Ainsi, ces changements d'affectation n'aurait donc aucun effet au regard du contentieux, dès lors que le redevable pourra toujours continuer à viser la non-conformité de la législation française avec les règlements communautaires et le principe d’unicité de la législation en vue de s’affranchir du paiement des prélèvements sociaux réclamés.
La position du Gouvernement quant à la discrimination entre non-résidents de l’UE et non-résidents d’Etats Tiers à l’UE est selon nous contestable.
Pour les prélèvements sociaux payés au titre des revenus des années antérieures (2012 à 2015), le Gouvernement décide donc de distinguer le cas des non-résidents de l’Union européenne et des non-résidents d’Etats tiers à l’UE. Dans la mesure où la condamnation de la France s’appuie sur le Règlement européen interdisant le non-cumul des régimes de sécurité sociale au sein de l’UE, le législateur français pourrait se limiter à exclure des prélèvements sociaux les non-résidents de l’UE qui sont affiliés à un régime de sécurité sociale étranger.
Toutefois, au regard de la récente décision du Conseil d’Etat relative au taux d’imposition des plus-values immobilières des non-résidents (CE du 20 octobre 2014), il a été jugé que la différence de taux d’imposition entre les non-résidents de l’UE et les non-résidents d’Etats tiers à l’UE était contraire au principe de libre circulation des capitaux. Dès lors, la France ne pourrait envisager une telle distinction pour l’application des prélèvements sociaux sans s’exposer à une nouvelle condamnation.

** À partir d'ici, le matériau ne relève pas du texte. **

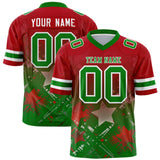 Custom Red Kelly Green Personalized Star Gradient Authentic Football Jersey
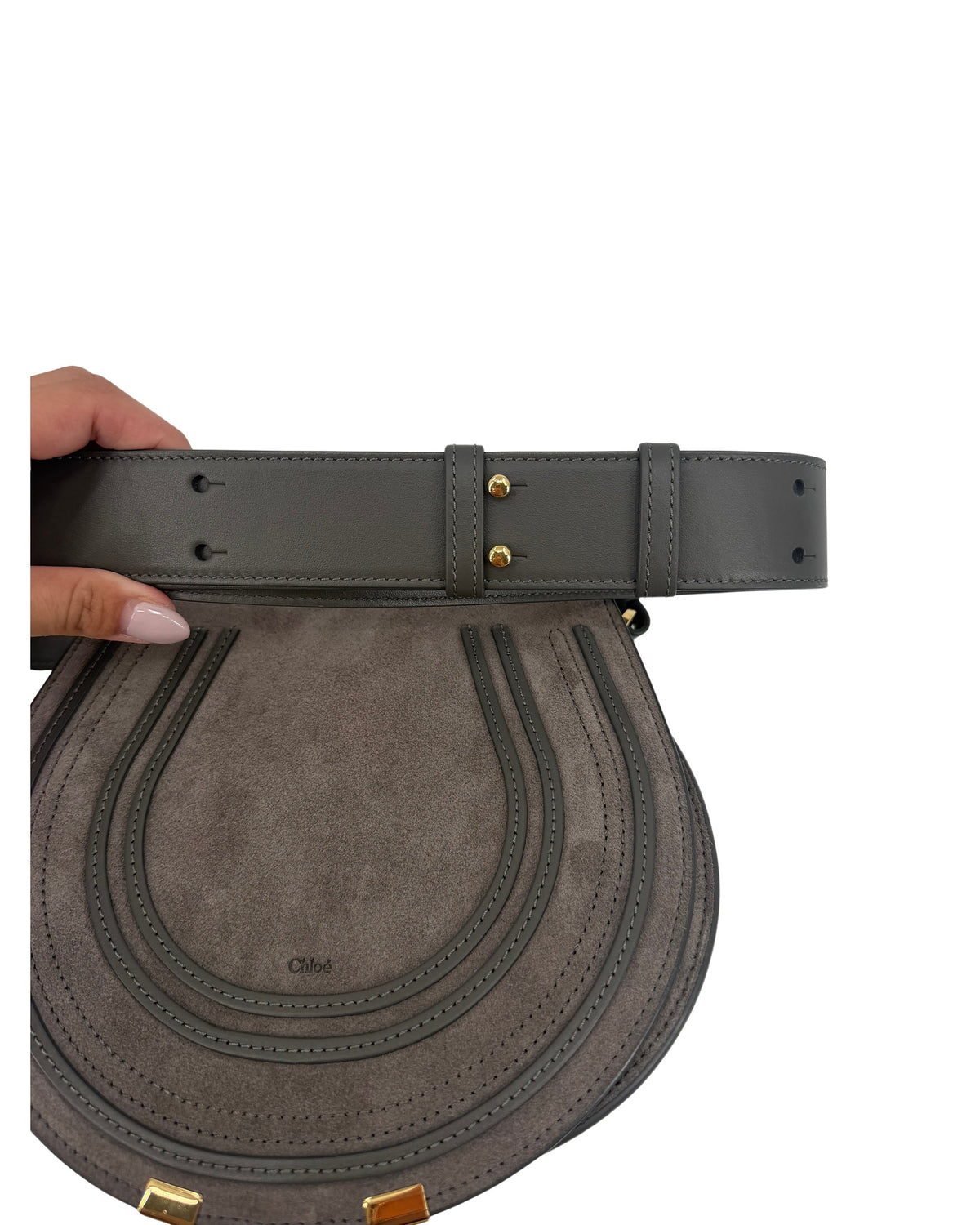 Chloe Marcie Grey Suede Saddle Crossbody Bag Gold Hardware Dust Bag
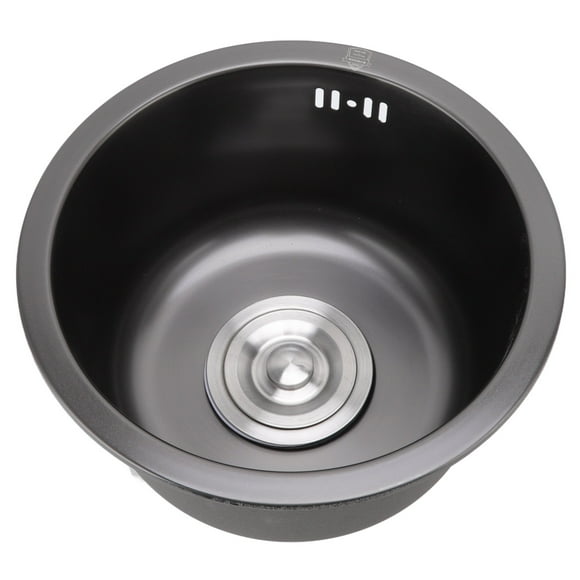 Stainless Steel Kitchen Sink, 11.73x10.04x6.50inch Round Kitchen Sink Mini Black Bar Sink Small Sinks Black Undermount Sink Kitchen Sink with Drain Assembly and Pipe Fittings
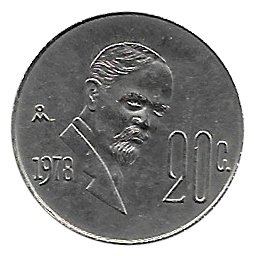 Moneda México 0,20 centavos 1976.S/C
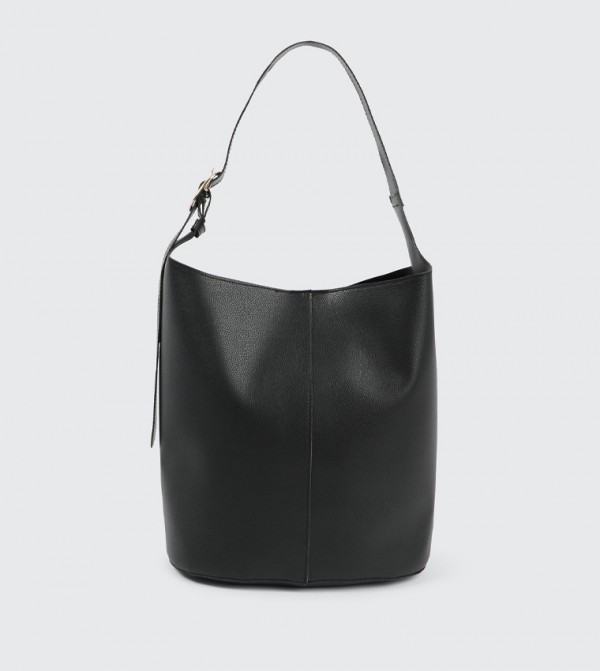 Textured Zippered Bucket Bag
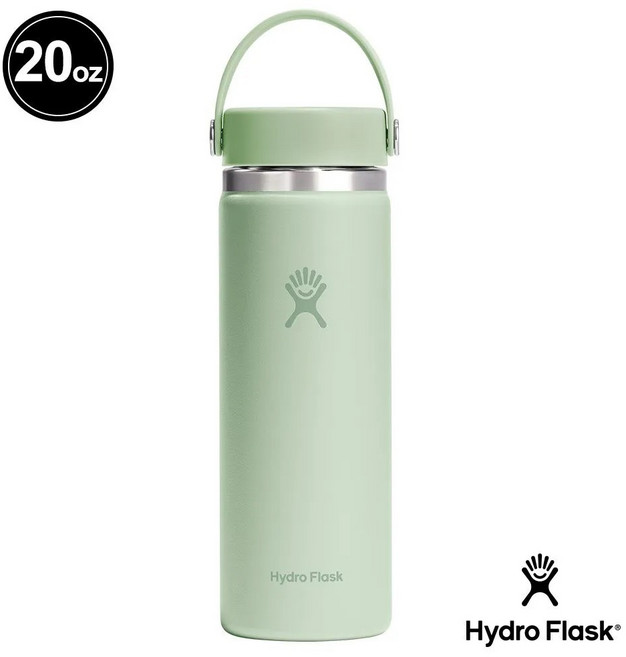 Hydro Flask 20oz/592ml 寬口提環【野外營】保溫瓶 水瓶 保冷, 蘆薈綠, 1個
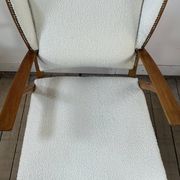 Fauteuils (la paire) bois et tissus bouclés 1950'S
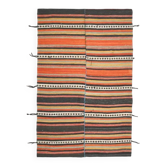 Tapis vintage turc Oushak fait à la main en laine et coton orange 147x229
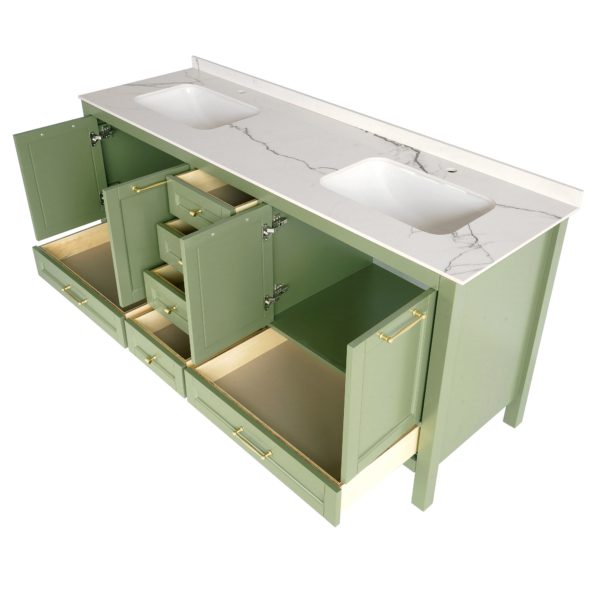 72 inch Green Double top view a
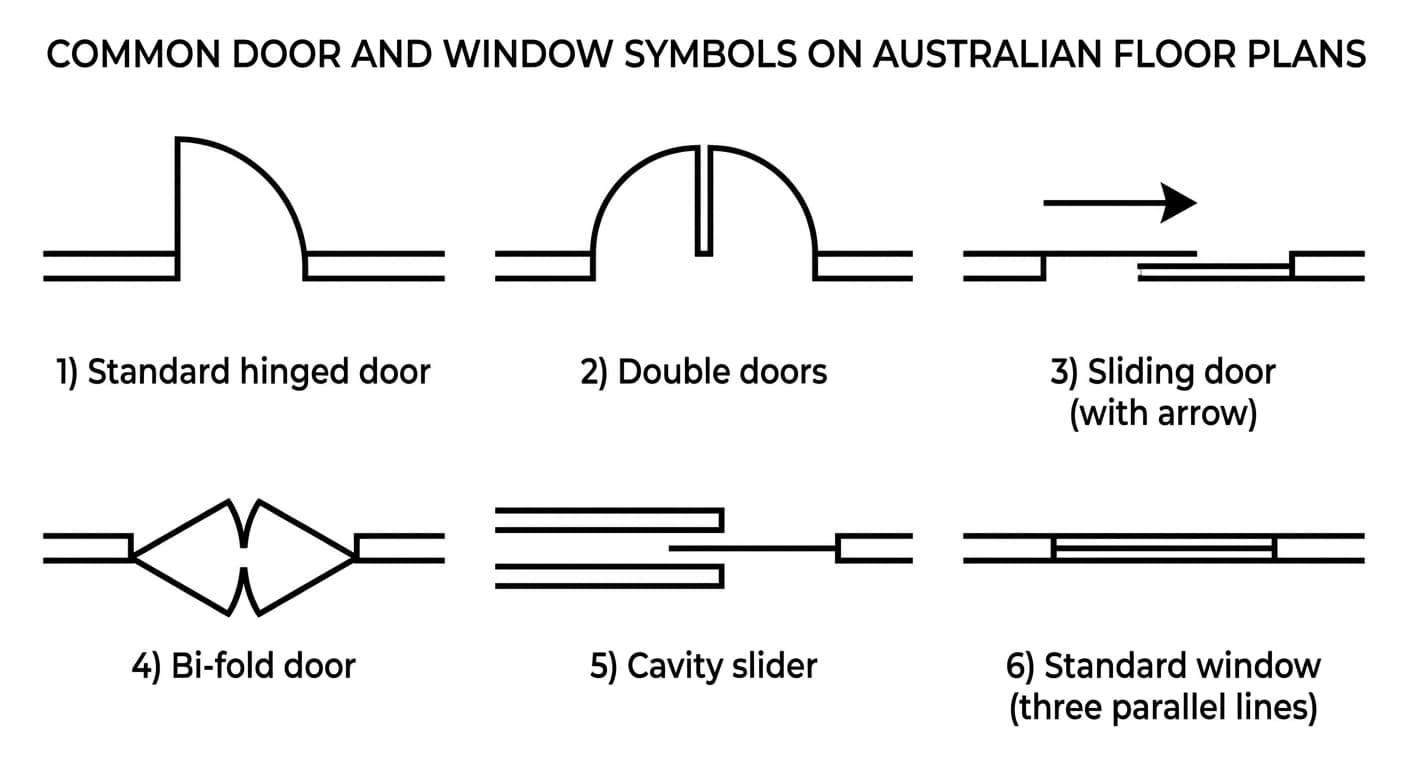 Common door and window symbols on Australian floor plans: 1) Standard hinged door with arc, 2) Double doors, 3) Sliding door with arrow, 4) Bi-fold door, 5) Cavity slider, 6) Standard window with three parallel lines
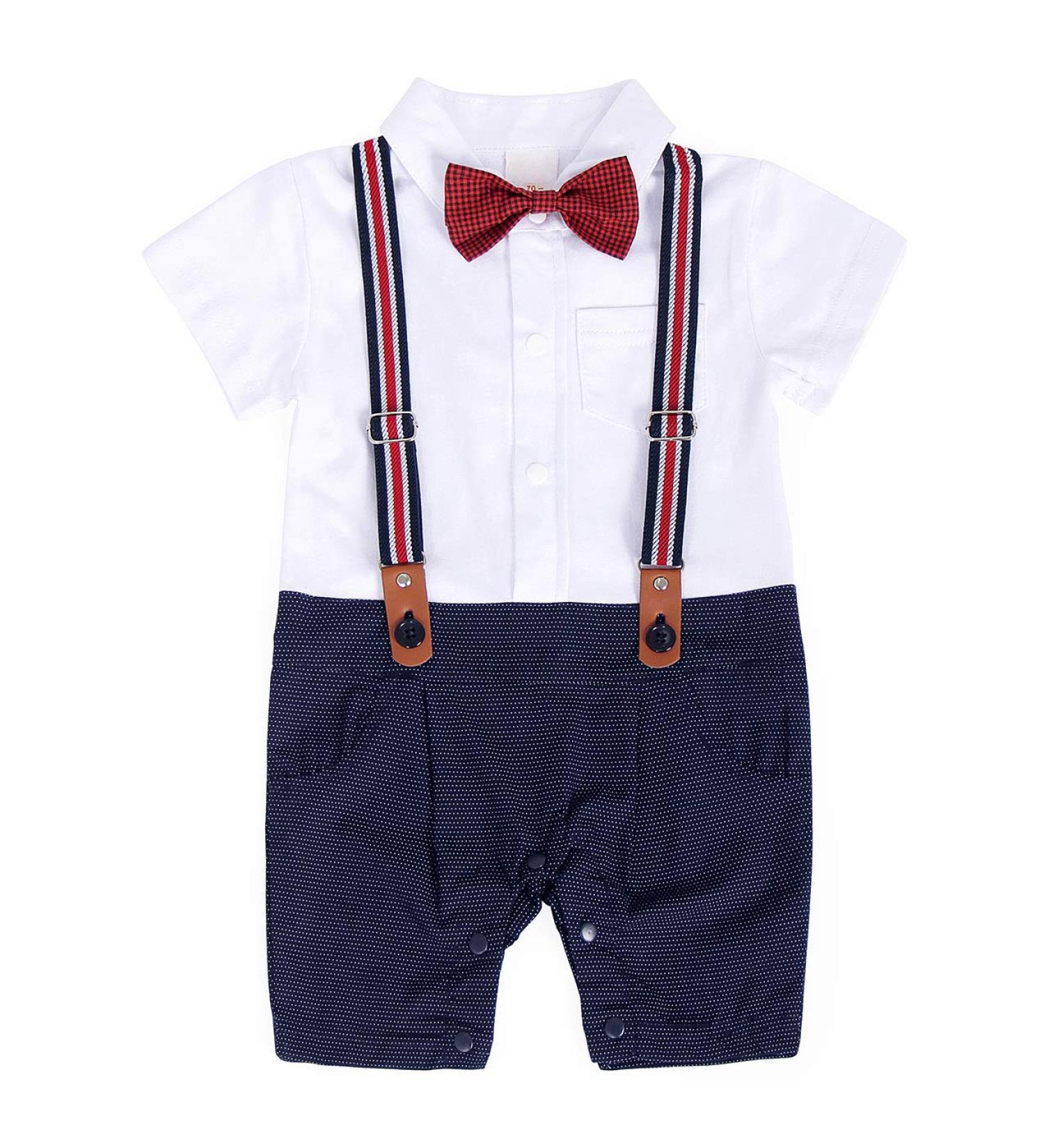 AmzBarley Baby Boys Tuxedo Rompers Suit with Bowtie - Black, 3-6 Months - Buy Online on GoSupps.com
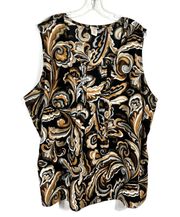 Woman Brown Paisley Swirl Pattern Pleated Front Sleeveless Blouse Plus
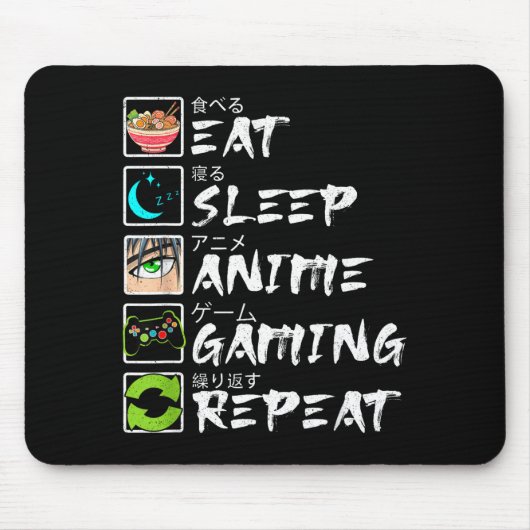 Eat Sleep Anime Gaming Repeat Gamer Men Teen Boy A Mousepad (Vorne)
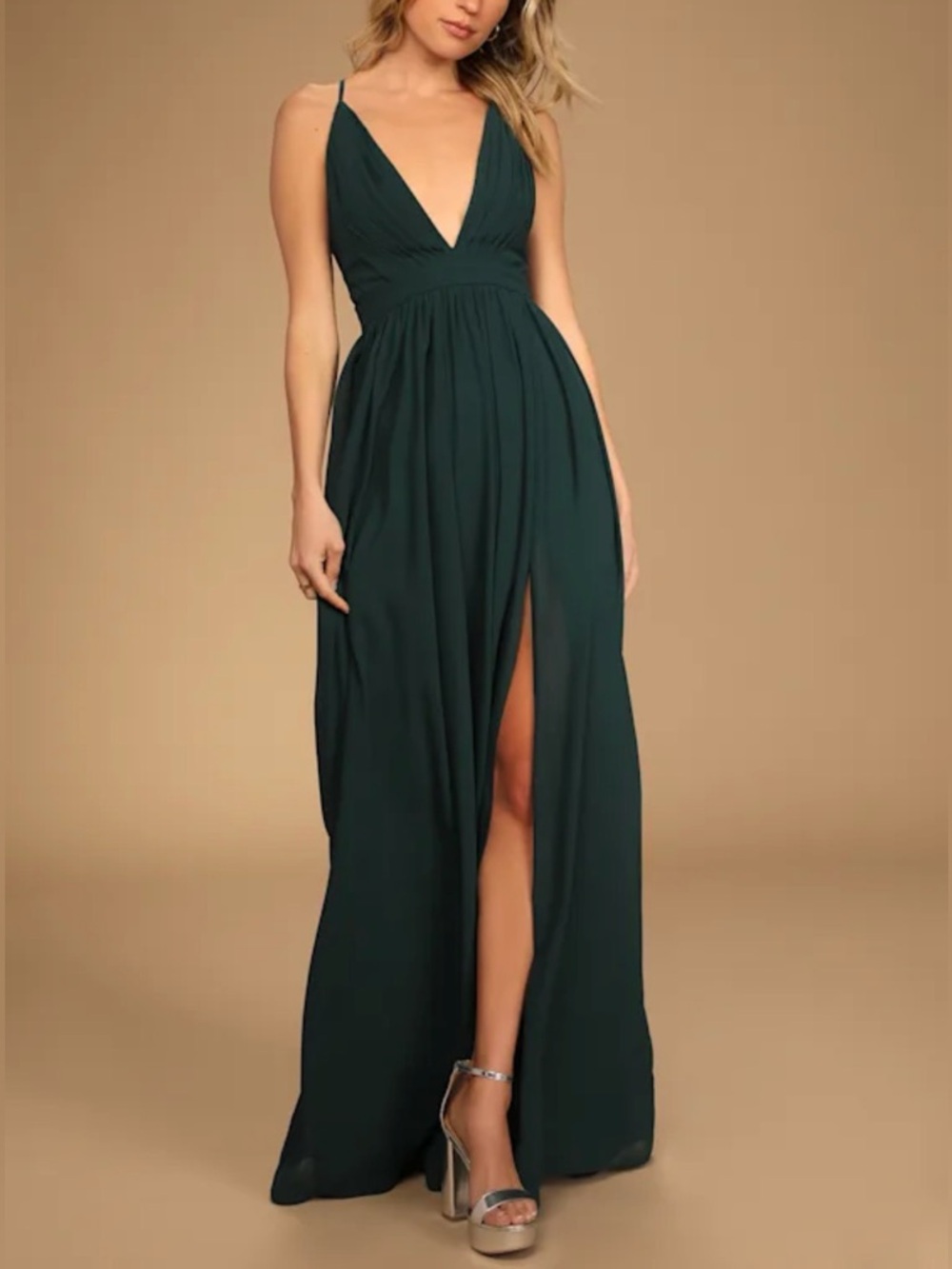 Lulus NWT “Ballroom Blitz” Emerald Green Pleated Maxi Dress.  Size X-Small.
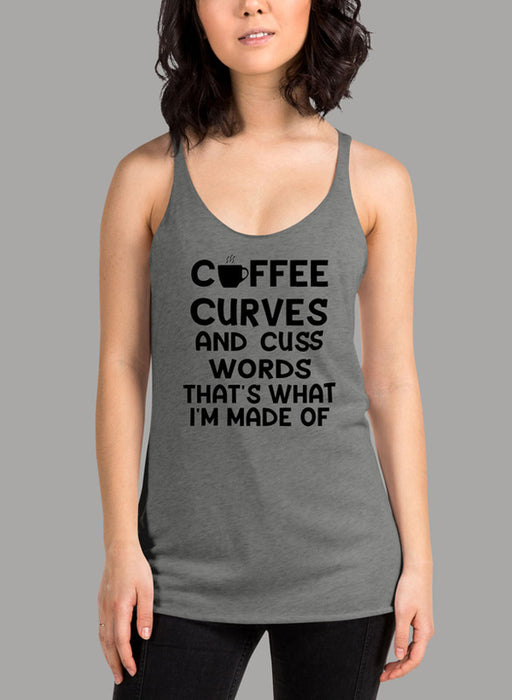 Coffee Curves Cuss Words Women Tank Top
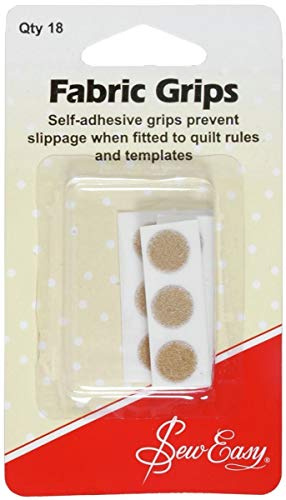 Sew Easy Adhesive Fabric Grips – 18 Round Stickers, Non-Slip Holds for Quilting Rulers Templates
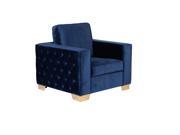 Armen Isola Chair In Blue Velvet With Gold Metal Legs
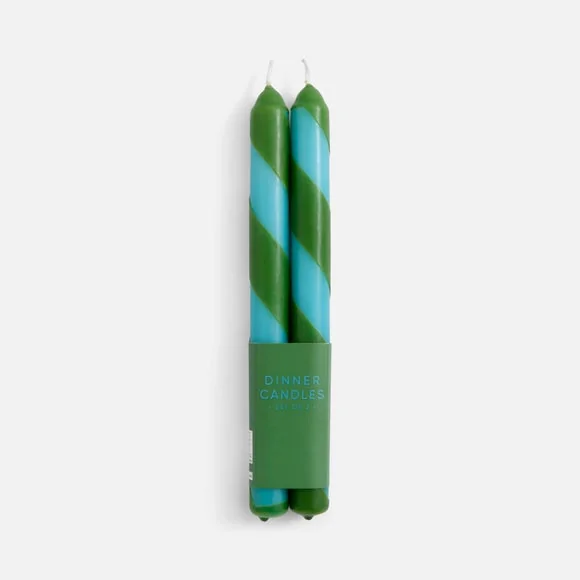 Set of 2 Stripe Taper Candles – image 3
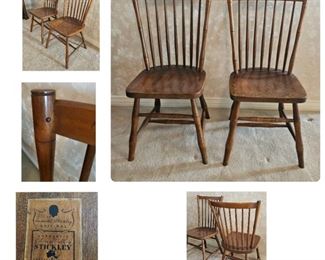 17.  $100.00.  Leopold  Stickley cherry spindle back pair chairs.  Wooden pins 36" x 16.5" x 18" 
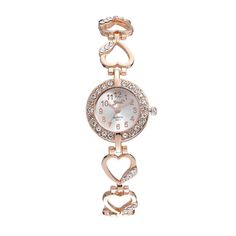 Elegant Formal Alloy Watches, Trendy Rose Gold Watch With Round Dial, Elegant Gold Watch For Valentine's Day, Elegant Silver Watch For Valentine's Day, Silver Quartz Watches For Valentine's Day, Valentine's Day Elegant Silver Watch, Silver Alloy Watch As A Gift, Rose Gold Metal Diamond Watch, Rose Gold Diamond Watch With Round Shape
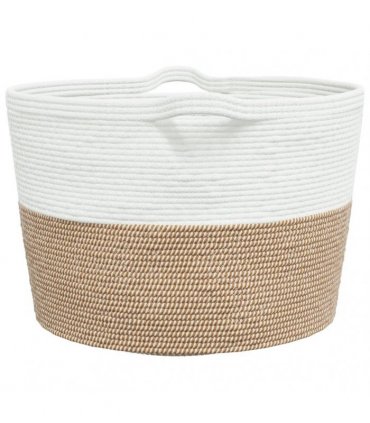 vidaXL Laundry Basket Brown and White Ø60x36 cm Cotton — Size: 60 x 36 cm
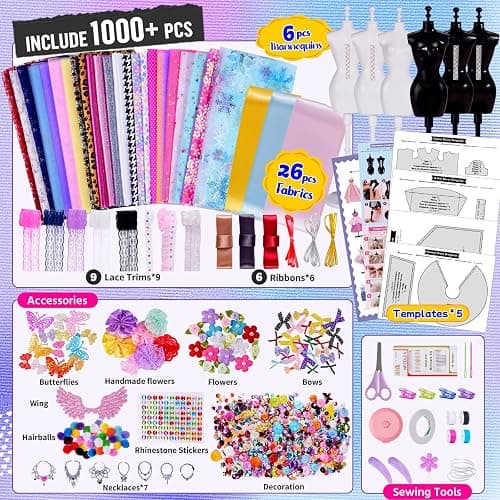 ONE TO FOUR 800+Pcs - Fashion Designer Kit for Girls with 6 Mannequins - Arts and Crafts Kit- Sewing Kit for Kid Ages 8-12 -Girl Gift Age 6 7 8 9 10 11 12-Gifts for Teen Girls thumbnail 3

Par ailleurs, la CJUE a retenu le principe d'unicité de la législation résultant du règlement communautaire 1408/71 du 14 juin 1971 modifié en 2004. Or, la plupart des conventions internationales ont, entre autres objets, celui de déterminer une seule législation sociale applicable à la personne afin d'éviter autant la double-affiliation que l'absence d'affiliation à l'une ou l'autre législation des États. Par conséquent, l’Administration fiscale en refusant le remboursement aux non-résidents d’Etats Tiers à l’UE se mettrait en contradiction avec les engagements internationaux de la France. Il pourrait naître ainsi un riche contentieux qui pourrait aboutir à une nouvelle condamnation de la France.
Dans l’attente, nous encourageons donc les résidents d’Etats tiers à l’UE à introduire leur demande de remboursement au regard de la récente décision du Conseil d’Etat relative au taux d’imposition des plus-values immobilières des non-résidents (CE du 20 octobre 2014) et des engagements internationaux de la France en matière de sécurité sociale, et ce avant le 31 décembre 2015 pour obtenir le remboursement des prélèvements sociaux sur les revenus fonciers réalisés en 2012 et sur les plus-values immobilières réalisées en 2013. Nous encourageons également les non-résidents dans l’UE à formaliser leur demande de remboursement, sans attendre une position du Gouvernement qui ne devrait pas procéder à ces remboursements de manière automatique.
Enfin, pour l’avenir, le débat dans l’hémicycle de l’Assemblée Nationale promet d’être houleux. Dans l’hypothèse d’une issue négative, il sera indispensable d’introduire à nouveau chaque année des réclamations en vue du dégrèvement de ces cotisations, afin de ne pas voir ces demandes prescrites quand la France se verra condamnée pour irrespect du droit communautaire.